Communication over data networks has become commonplace. Examples of such communications include the use of packet-based digital data to communicate audio and video data in real-time over a data network. Voice and video data sharing, for example, can occur in real time over a data network between two or more users during a streaming videoconference or other virtual meeting.
Required bandwidth to transport the data can be considerable. Taking video conferencing as one example application, multiple participants may be streaming voice, video, and application data with each of the other participants in real time. Each participant may receive all data streams from all other participants. Each participant may be connected to the conference by a network connection that has a different bandwidth capacity from all other connections.
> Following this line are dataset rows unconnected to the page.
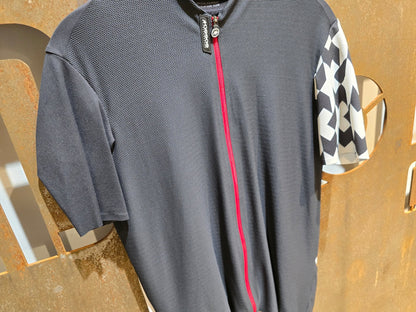 Trikot Herren von Assos, ASSOS EQUIPE RS AERO SS JERSEY / KURZARM TRIKOT / HERREN in variant_title vor USEDBIKES - OB.DE Hintergrund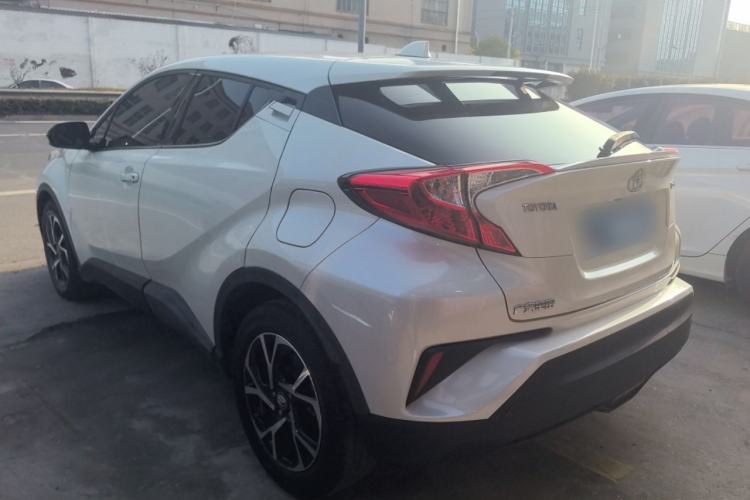 Used Toyota C-HR 2018 2.0L Leading with Sunroof China VI Standard
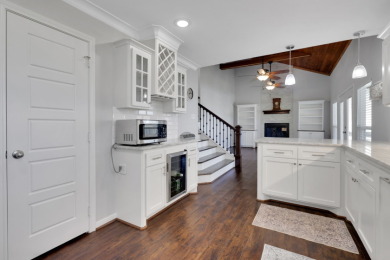 Renovated and Ready! Waterfront Entertainers Dream - photo 4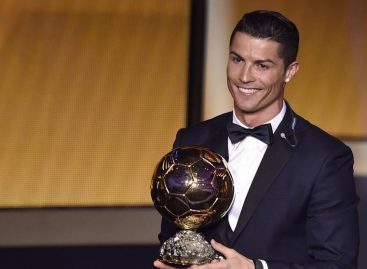 ¡Cristiano Ronaldo recibió su quinto Balón de Oro!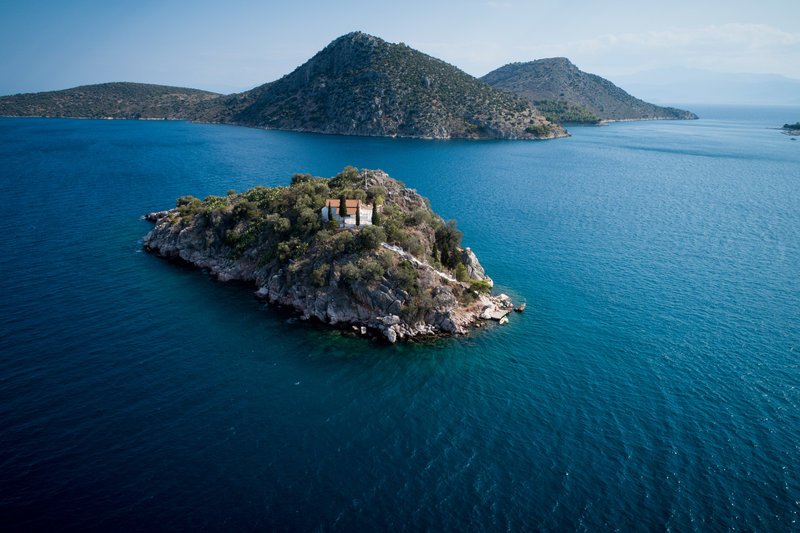 Το μαγευτικό Κορωνήσι στο Τολό μαγνητίζει τους τουρίστες [εικόνες] | iefimerida.gr 2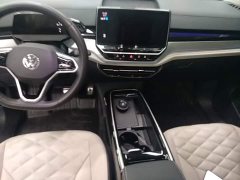 Toyota ID.6 CROZZ 2022 Long Range PRO - ფოტო 13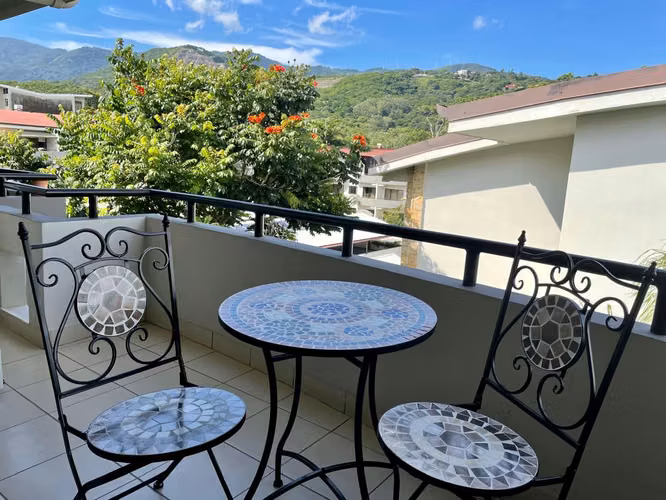 SE ALQUILA APARTAMENTO AMUEBLADO SANTA ANA - Imagen 6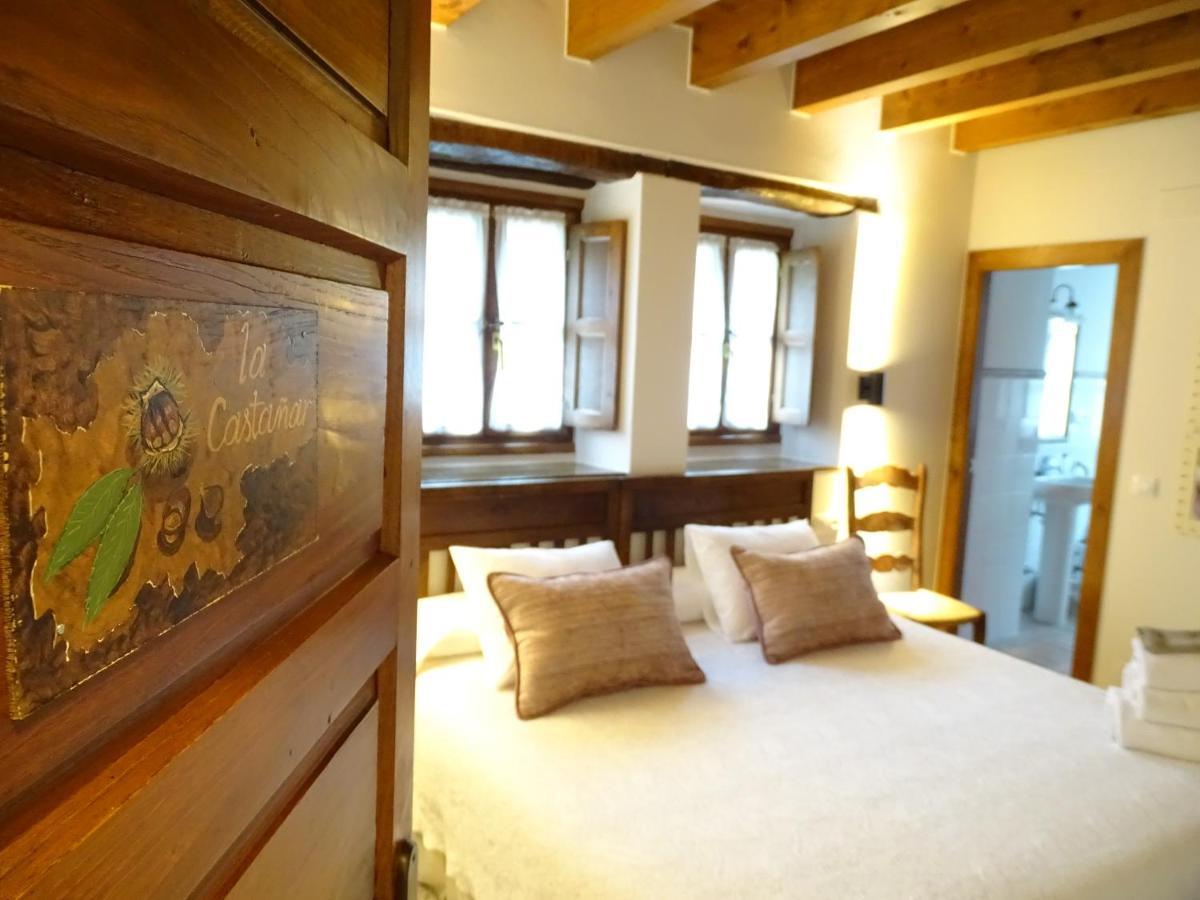 El Colladin Guest House Llerices ภายนอก รูปภาพ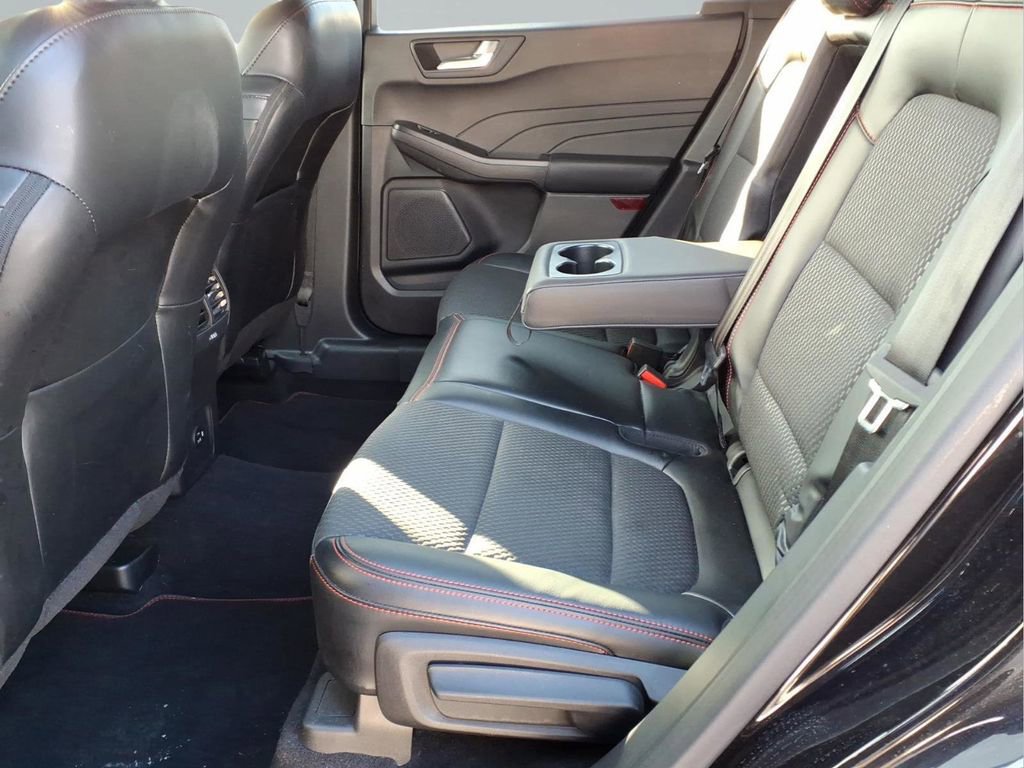 Used 2023 Ford Escape ST-Line Elite AWD/4WD image 28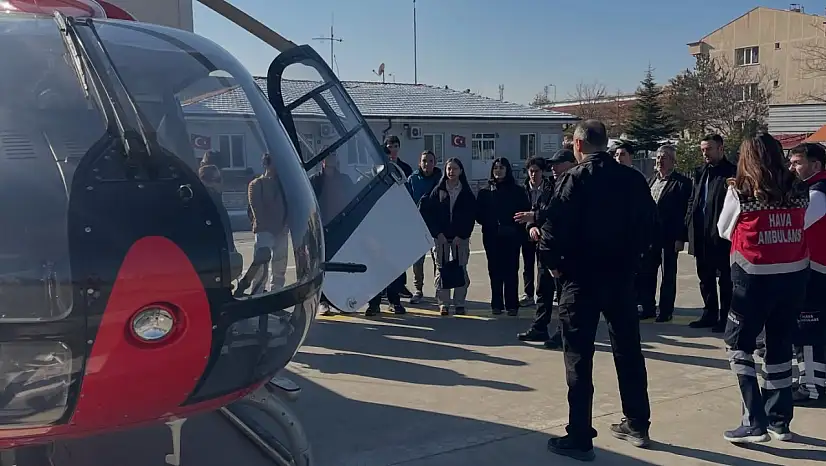 Bilişim akademisi öğrencileri helikopteri inceledi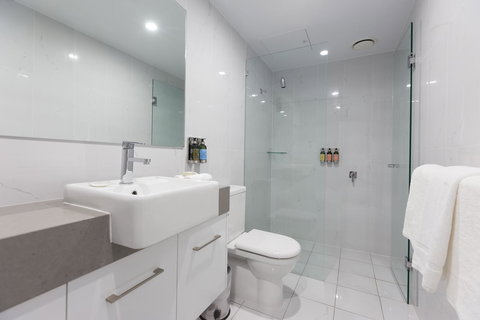 The Lucky Hotel - Accommodation Ballina 5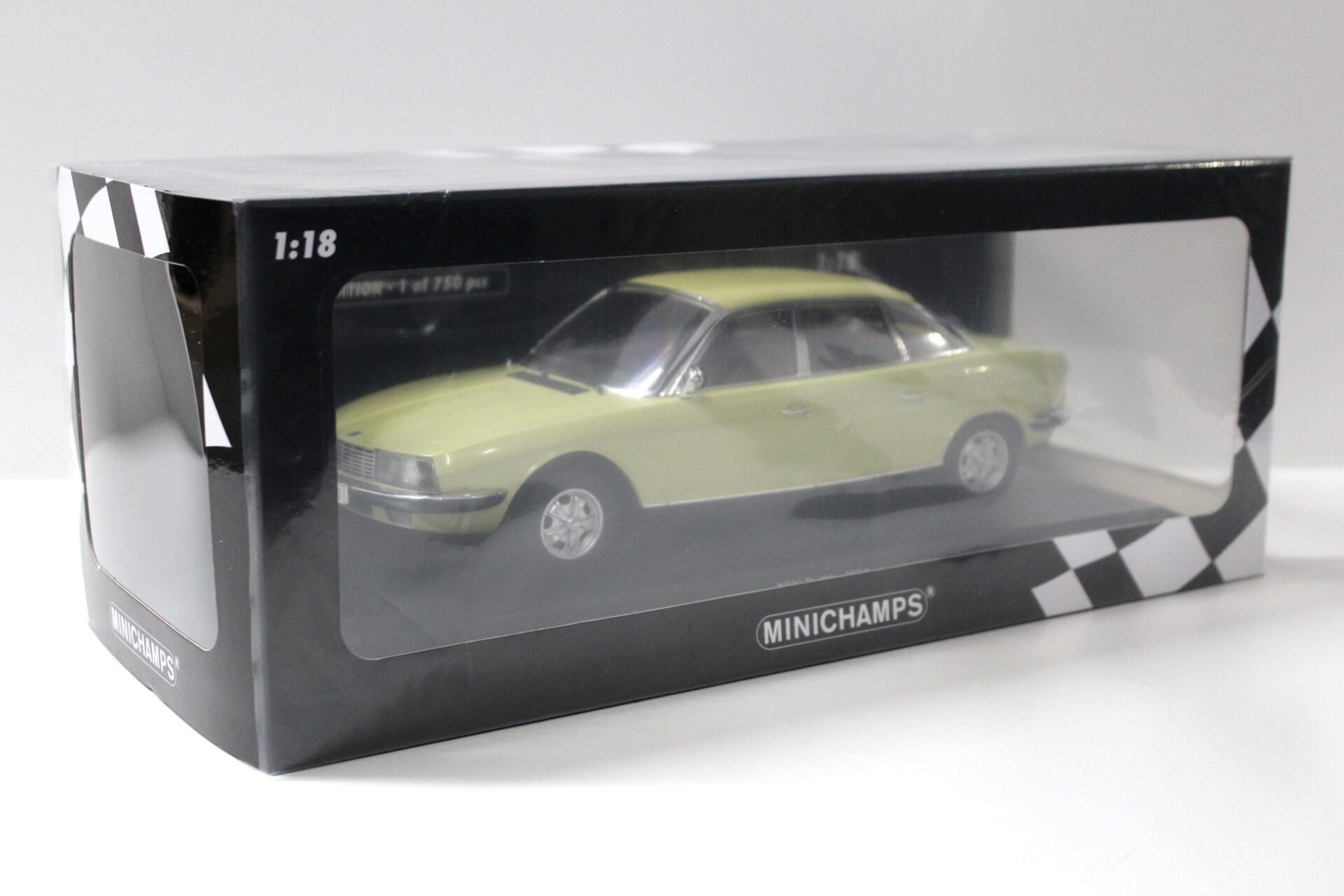 1:18 Minichamps NSU Ro 80 yellow 1972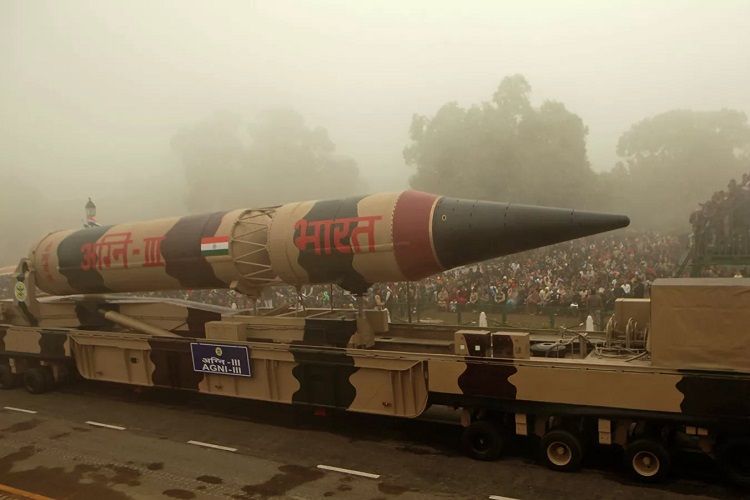 Hindistan da özünün nüvə başlıqlı raketini sınaqdan keçirdi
Further, other data traffic is often being carried over the network connections that may be unrelated to the videoconference.
To reduce the amount of bandwidth required, compression of data prior to communication may be performed. Software and/or hardware components that perform these steps may be referred to as “coders” and/or “decoders,” and are more commonly known as “codecs.” Codecs may perform other tasks in addition to data compression. Depending on the particular steps that a codec performs, the amount of data to be processed, and other factors, codecs may consume significant processor resources. In the particular case of a video codec, for instance, the demands that a codec places on a processor varies with the size and transmission rate of images. Large images that are communicated at a high frequency require more extensive use of a codec than smaller images communicated at a lower frequency.
Some steps of data compression performed by codecs are known. Depending on the particular type of data, different compression steps may occur of varying computational complexity. Because video data can be quite voluminous, various schemes of compression have been developed unique to video data. Both temporal and spatial compression may be performed. One example compression scheme is discrete cosign transformation (DCT) compression. Another is referred to as motion detection, or motion vector analysis. Generally, motion detection operates to determine which portion of a video image has changed from a previous image (i.e., what has “moved”). Only the portion of the image that has changed is then communicated, as opposed to the entire image. For example, if a person is speaking in front of a camera, the image from frame to frame may include an unchanging background, with only the speaker's face showing differences. In this case only the pixels of the image that make up the face may be compressed and communicated, with the background remaining constant from frame to frame.
Motion detection may be practiced in many different particular steps. Some codecs perform a detailed comparison of frames to determine change (e.g., a codec may “subtract” a second frame from a first to identify differences). Others perform other steps of analysis that may include additional opportunities for data savings. Use of motion vectors, for example, can further reduce the amount of data required to be communicated. In addition to searching an image only for changed portions (i.e., movement), motion vector analysis further attempts to identify a portion of the image that has changed, motion analysis steps may include identifying only the portion of a previous frame that has moved and simply code instructions to duplicate that portion in a new position in a subsequent frame. This may be accomplished, for instance, by calculating motion vectors that describe the movement.
For example, if a speaker is sweeping his arm across the screen as he speaks, a codec performing motion vector analysis may identify that the speaker's arm is shifting from frame to frame and determine the frame by frame shift. Rather than sending updated portions of the image data that include the arm in its new position, the codec will identify the portion of the previous frame that includes the arm and specify motion vectors that describe the direction and distance to shift the arm in the a sequential frame.
Compression steps such as motion vector analysis can be computationally intensive. A search and comparison of frames must be done to identify shifted portions. Further calculations must then be made to derive motion vectors that describe the direction and amount of shift. Generally, motion vector analysis is performed in 1, 2, 4, 8, 16, etc. pixel search areas. The larger the search area, the more computations are required.
These and other steps of video data compression can place extreme demands on processors. Potentially, the processor can reach maximum utilization and cause application failure. Further, even if a maximum level of processor utilization is not reached, excessive video compression calculations can cause a processor to neglect other applications unrelated to the codec that are simultaneously being run. These problems are troublesome for videoconference codecs that may be used by a variety of different machines that utilize different processors and different secondary applications running thereon. In a videoconference with multiple attendees, for example, some participants may be using personal computers with relatively slow processors that must support numerous other simultaneous services and applications, while other participants may have dedicated servers with much more powerful processors. Some of the processors may be able to support intensive video compression analysis, while others of the machines can support only minimal compression.